Patient booking systems are a start so that if patients and visitors could join hospital data services before they arrived at the hospital site, they can be advised of any hold-ups. They can perform an online check-in, reserve, and pay for car parking in a specific bay close to their destination within the hospital campus. Hospital staff will then be ready to receive them, aware of their imminent arrival.
Our Eden technology can provide ‘way-finding’ or location services information tailored to individual needs, avoiding stairs or busy corridors, if necessary.
In an emergency, the technology could locate and make contact with key personnel such as a cardiologist or equipment such as a defibrillator, in real-time.
On hospital wards, patients and staff will interact with building services via a tablet-style device, or talk to a voice assistant to request services.
Heating, ventilation, and air conditioning (HVAC) outputs could be altered automatically. Smart lighting set up to align with the circadian rhythms that govern our mental and physical health is of huge benefit: it assists in the recovery process and makes use of natural light making it energy efficient and cost-effective, too.
Security can be enhanced through the use of digital facial recognition technology. This could permit or prevent access to restricted areas, and ensure the treatment of patients only by bona fide clinicians. Subject to the necessary privacy agreements, the technology could be extended to patients and visitors, matching children with parents or guardians for security purposes, for example.
More advanced use cases include tools that can reach down deep into a vast pool of medical records and help doctors uncover trends and new knowledge about disease treatments. Since the 1980s, the cost of everything in healthcare has by far outpaced the overall rate of inflation, most dramatically in the United States and to a lesser but still worrisome level in other major countries. Whether the healthcare system is public or private, or a combination, every country strives for better care at less cost. Information is key to higher quality and lower costs.
Similar to IBM’s CHAS (Clinical and Health Records Analytics and Sharing). We are developing services that can consolidate medical data from multiple systems, and apply language processing algorithms to bridge the language gap that separates us.
This generates two huge benefits
First, individual patient records can be transferred and accessed anywhere in the medical community. It can eliminate redundant testing and procedures when patients visit different branches of the hospital system.

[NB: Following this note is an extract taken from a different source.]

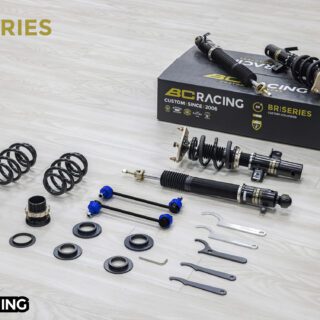 BC RACING - ADJUSTABLE BR COILOVER HONDA CIVIC TYPE-R FL5 23+ FWD
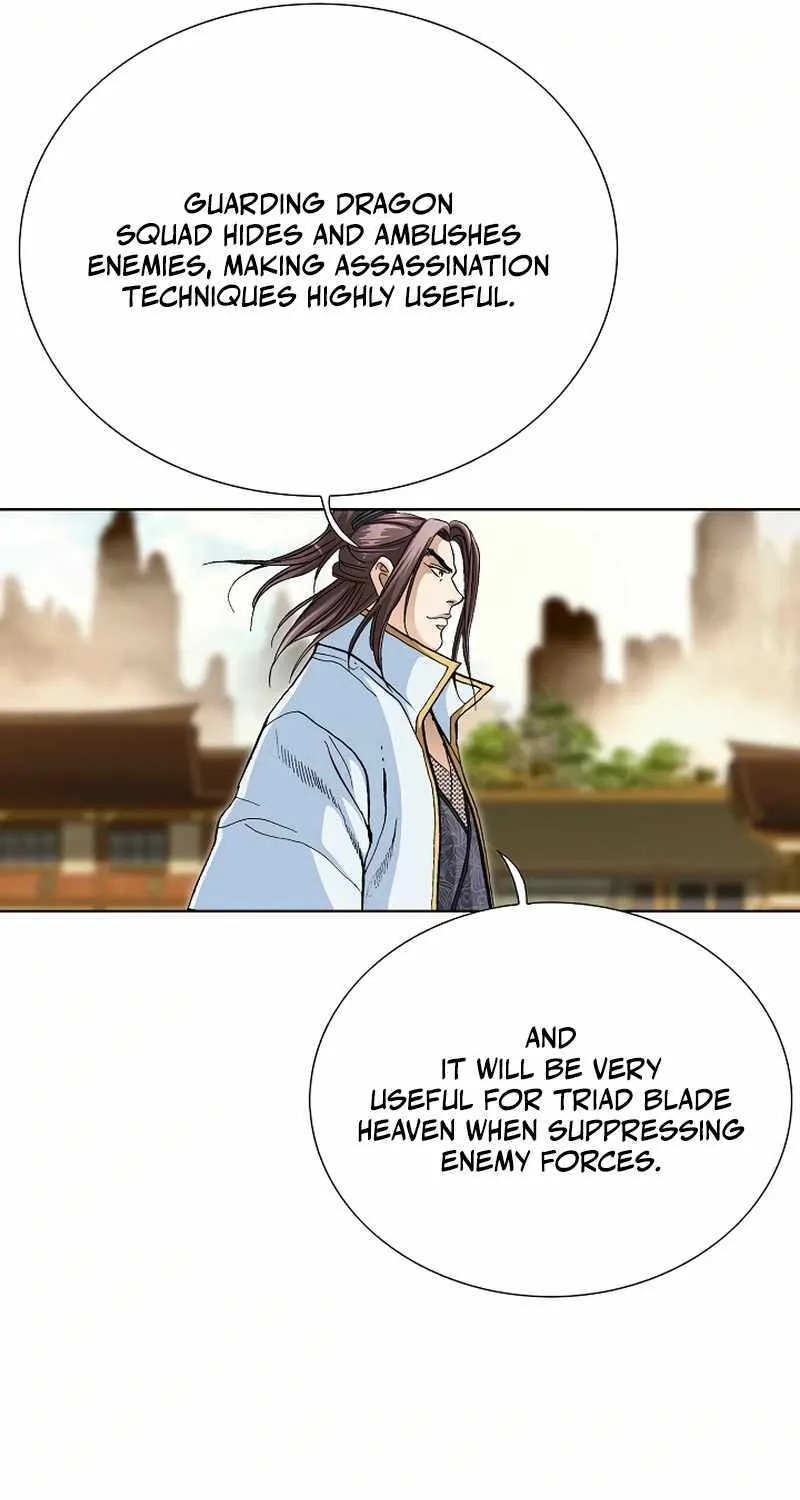 Read Peerless chapter 54 image 12 on Lezhin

It also streamlines reporting and data analysis.
Second, this service system provides a platform for helping medical staff make better treatment decisions. Using anonymous record screening techniques, researchers and clinicians can analyze global medical data to help determine the best treatment for a condition or illness.
As the struggle for higher-quality care at lower costs continues, we all expect to see more innovations on the digital front.
Developing service Edge for clinical domain expertise, administrative systems, security, large-scale integrations, pharmaceutical research and development, websites, and portals for the individual patient is the future.